Ci dicemmo allora che senza Beppe eravamo più poveri, più soli.

E quanto non furono di circostanza quelle parole, accompagnate da lacrime sincere, siamo qui ora dolorosamente a verificarlo.

C'è chi con Beppe ha perduto un amico, chi il camerata sempre disponibile; tutti abbiamo perso una sicura guida spirituale capace di trarci d'impaccio di fronte ad assillanti interrogativi che non erano mai soltanto «politici».

Del resto Niccolai del politico in senso stretto non aveva niente.
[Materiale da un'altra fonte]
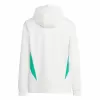 2023 2024 Manchester United Mens White Training Presentation Soccer Jacket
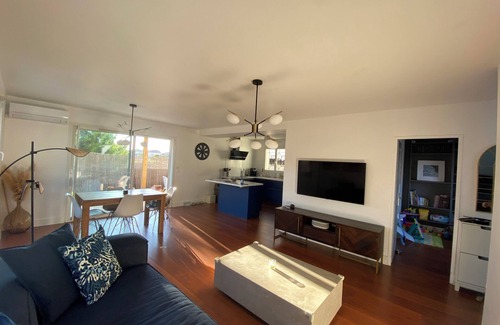 Lunel House | Maison Avec Piscine, Equipements Enfants, Animaux Acceptes, Proche Plages/ville
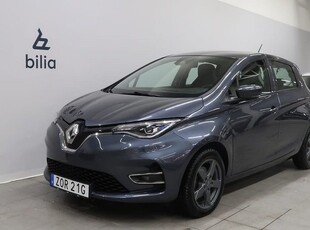 Renault ZoeR110 PhII 52 kWh Zen Batteriköp II 2022, Halvkombi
Non quell'aria falsamente apprensiva, non quell'eloquio fumoso ed untuoso, non quei modi di circostanza bassamente ipocriti: fin nella figura Beppe respingeva il clichè proprio a tanti professionisti della politica che per ovvie ragioni era costretto a frequentare.
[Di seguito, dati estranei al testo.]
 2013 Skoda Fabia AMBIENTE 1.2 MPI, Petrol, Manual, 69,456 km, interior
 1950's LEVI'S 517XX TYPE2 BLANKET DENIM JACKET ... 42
Tuttavia, della politica come strumento di realizzazione dell'uomo in un progetto collettivo, Niccolai avvertiva tutta l'importanza e ad essa, con l'umiltà del suo carattere orgoglioso e schivo, era capace di dedicarsi con un'assiduità che avrebbe consumato fibre più forti.

Il «bene comune», quale fine della sua concezione della politica, l'aveva a cuore più della stessa vita, tanto che, quando questa gli si rivelò in pericolo, respinse cortesemente ma fermamente i consigli dei familiari e degli amici per stare quanto più vicino era possibile al Movimento cui riteneva, in una difficile congiuntura, di dedicare tutte le sue energie.

E che militante, e della razza migliore, Beppe sia stato è fuor di dubbio.

Pagando talvolta più del dovuto per la sua coerenza, in nessun momento della sua vicenda politica ha abdicato ai propri intimi convincimenti: sono storia recente le clamorose rotture personali all'interno del Partito, le dispute aspre con chi pure aveva condiviso, per quattro decenni, fortune e disgrazie, ed infine, il riannodarsi di fili spezzatisi nel corso della vita, sempre con generosità, con altruismo, con grande eleganza.

Coscienza critica del MSI venne, un po' approssimativamente, definito.

Ma Beppe era qualcosa di più.

Costruiva con la sua amarezza, allevava anime -se non suona troppo retorico-, induceva ad avere fiducia quando c'era soltanto da spegnere la luce e sprangare la porta.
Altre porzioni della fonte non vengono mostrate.